- [Task to carry out]: Could you transcribe exactly the lines below, from the line with "HUGHES: Three Thoughts" through the line with "ZASFAKBN6J7B70326 - 2018", and nothing else, leaving out the pictures?

- [Data to process]:
※ ※ ※
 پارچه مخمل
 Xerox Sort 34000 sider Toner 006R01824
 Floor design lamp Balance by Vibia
※ ※ ※
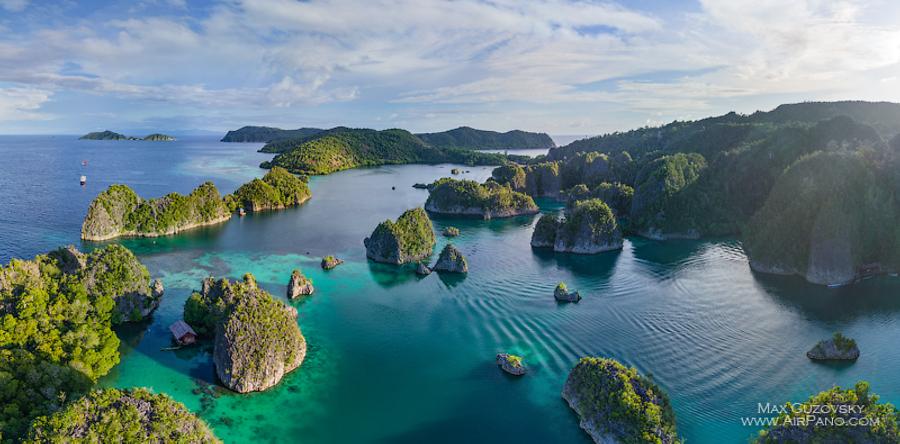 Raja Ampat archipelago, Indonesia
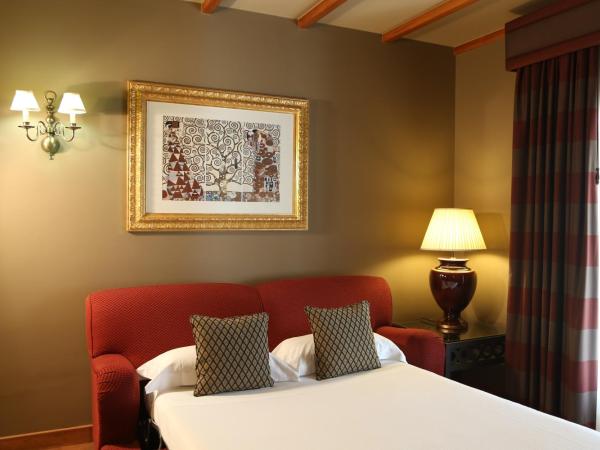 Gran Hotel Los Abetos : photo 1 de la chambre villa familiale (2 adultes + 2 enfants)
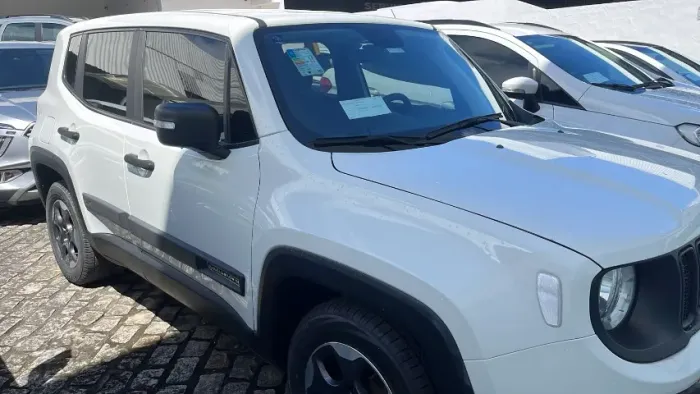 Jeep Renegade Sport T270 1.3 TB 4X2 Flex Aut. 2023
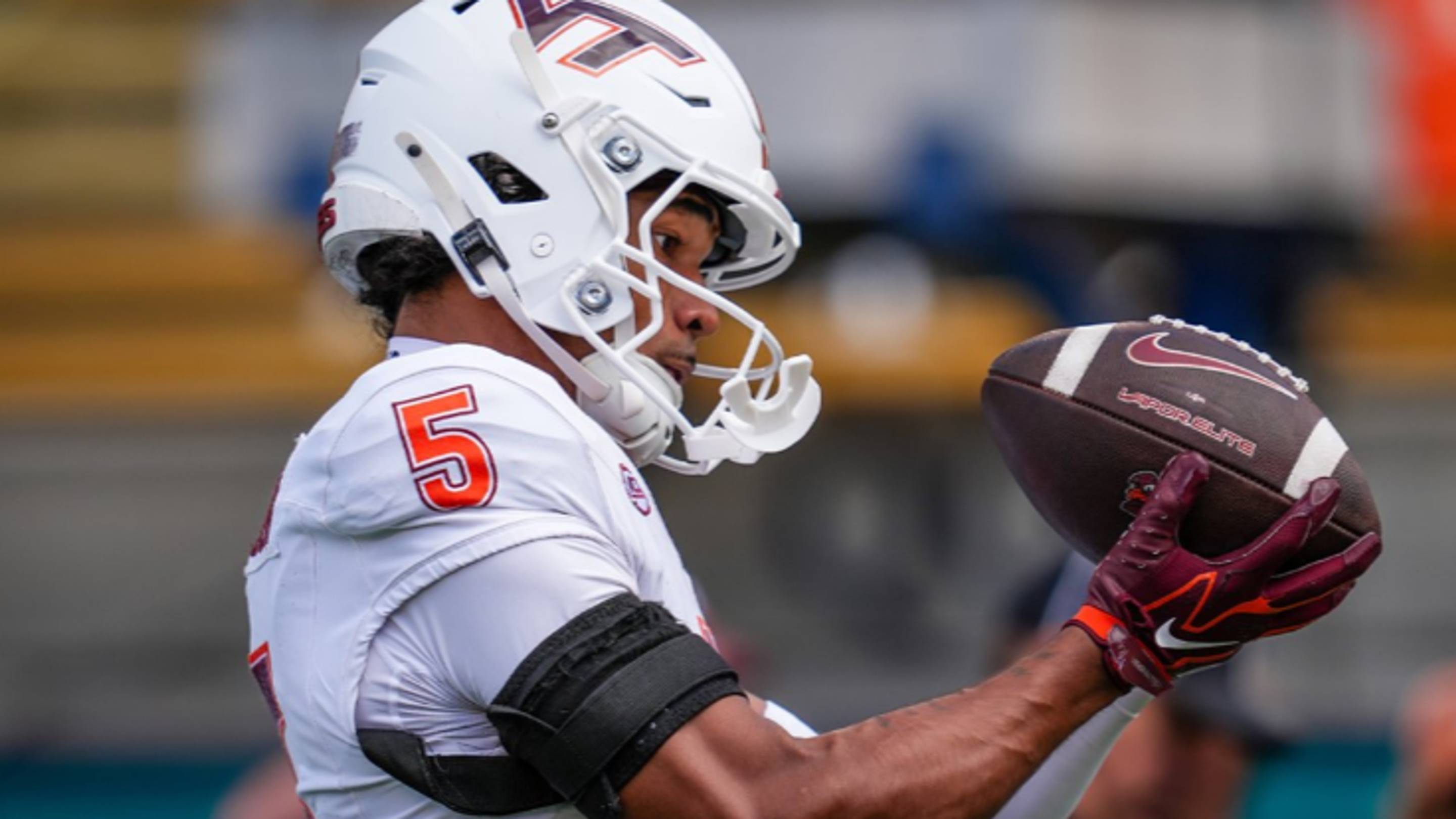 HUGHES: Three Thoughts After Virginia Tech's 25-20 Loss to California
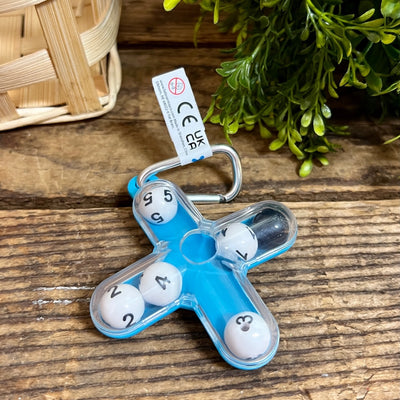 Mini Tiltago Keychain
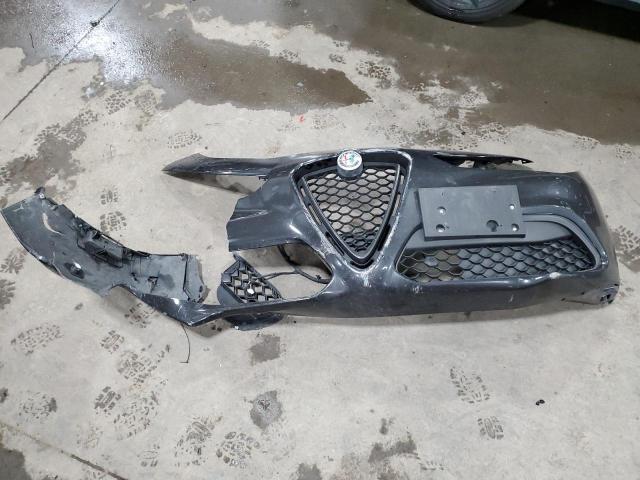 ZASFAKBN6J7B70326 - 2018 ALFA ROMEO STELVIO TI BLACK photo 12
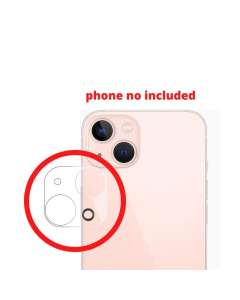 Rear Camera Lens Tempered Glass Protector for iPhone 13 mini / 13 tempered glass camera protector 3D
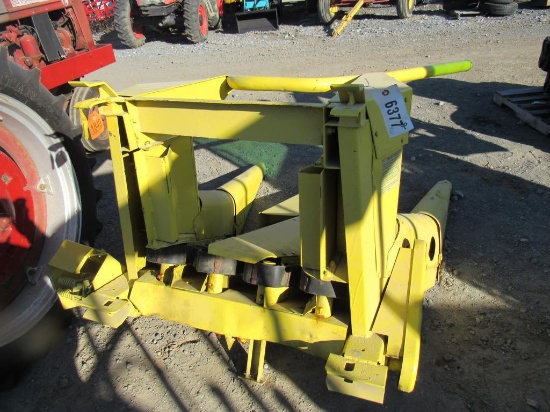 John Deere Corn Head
※ ※ ※
- [Reply to the exercise]:
 HUGHES: Three Thoughts After Virginia Tech's 25-20 Loss to California
 Mini Tiltago Keychain
 ZASFAKBN6J7B70326 - 2018 ALFA ROMEO STELVIO TI BLACK photo 12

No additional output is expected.